What is required:
Within the listing, each line that has the string "Dokulu" should be copied.

Material to process:
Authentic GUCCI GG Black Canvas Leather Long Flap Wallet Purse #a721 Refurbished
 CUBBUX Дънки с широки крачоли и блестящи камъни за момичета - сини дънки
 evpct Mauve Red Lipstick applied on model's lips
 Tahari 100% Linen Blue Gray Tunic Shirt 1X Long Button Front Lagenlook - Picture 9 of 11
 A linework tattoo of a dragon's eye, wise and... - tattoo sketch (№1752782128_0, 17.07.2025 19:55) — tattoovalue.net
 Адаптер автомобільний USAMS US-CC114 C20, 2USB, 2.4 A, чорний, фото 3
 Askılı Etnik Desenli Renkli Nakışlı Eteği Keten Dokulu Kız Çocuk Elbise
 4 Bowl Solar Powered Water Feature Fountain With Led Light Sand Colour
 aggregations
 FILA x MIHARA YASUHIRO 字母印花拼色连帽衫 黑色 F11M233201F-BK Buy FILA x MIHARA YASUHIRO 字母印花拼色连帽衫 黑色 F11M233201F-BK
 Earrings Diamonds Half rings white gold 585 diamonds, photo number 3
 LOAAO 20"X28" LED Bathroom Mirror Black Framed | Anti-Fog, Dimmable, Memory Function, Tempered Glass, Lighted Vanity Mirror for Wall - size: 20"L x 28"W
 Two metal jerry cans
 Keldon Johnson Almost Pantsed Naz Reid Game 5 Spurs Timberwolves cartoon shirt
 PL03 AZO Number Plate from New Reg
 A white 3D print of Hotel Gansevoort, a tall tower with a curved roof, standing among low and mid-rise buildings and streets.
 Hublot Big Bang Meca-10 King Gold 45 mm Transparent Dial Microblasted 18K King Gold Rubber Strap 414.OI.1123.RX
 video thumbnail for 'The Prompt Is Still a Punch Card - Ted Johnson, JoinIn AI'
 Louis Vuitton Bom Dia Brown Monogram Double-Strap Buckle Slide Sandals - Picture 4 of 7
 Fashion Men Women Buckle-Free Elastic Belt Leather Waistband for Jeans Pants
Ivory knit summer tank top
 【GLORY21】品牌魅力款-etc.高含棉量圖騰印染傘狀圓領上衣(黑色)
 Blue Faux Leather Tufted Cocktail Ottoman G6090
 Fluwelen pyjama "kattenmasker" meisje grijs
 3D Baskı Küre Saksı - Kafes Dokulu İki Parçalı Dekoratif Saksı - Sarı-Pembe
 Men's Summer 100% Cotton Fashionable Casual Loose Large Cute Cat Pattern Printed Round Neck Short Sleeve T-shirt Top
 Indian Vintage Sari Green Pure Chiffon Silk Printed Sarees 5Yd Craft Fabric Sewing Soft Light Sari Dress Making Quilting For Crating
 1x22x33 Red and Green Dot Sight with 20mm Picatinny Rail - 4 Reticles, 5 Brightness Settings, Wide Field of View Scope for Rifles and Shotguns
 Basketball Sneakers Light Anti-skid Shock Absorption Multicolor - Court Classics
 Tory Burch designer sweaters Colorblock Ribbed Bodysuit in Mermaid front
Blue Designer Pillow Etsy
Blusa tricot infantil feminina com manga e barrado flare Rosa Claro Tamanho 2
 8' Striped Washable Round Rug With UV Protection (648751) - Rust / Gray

Expected answer:
 Askılı Etnik Desenli Renkli Nakışlı Eteği Keten Dokulu Kız Çocuk Elbise
 3D Baskı Küre Saksı - Kafes Dokulu İki Parçalı Dekoratif Saksı - Sarı-Pembe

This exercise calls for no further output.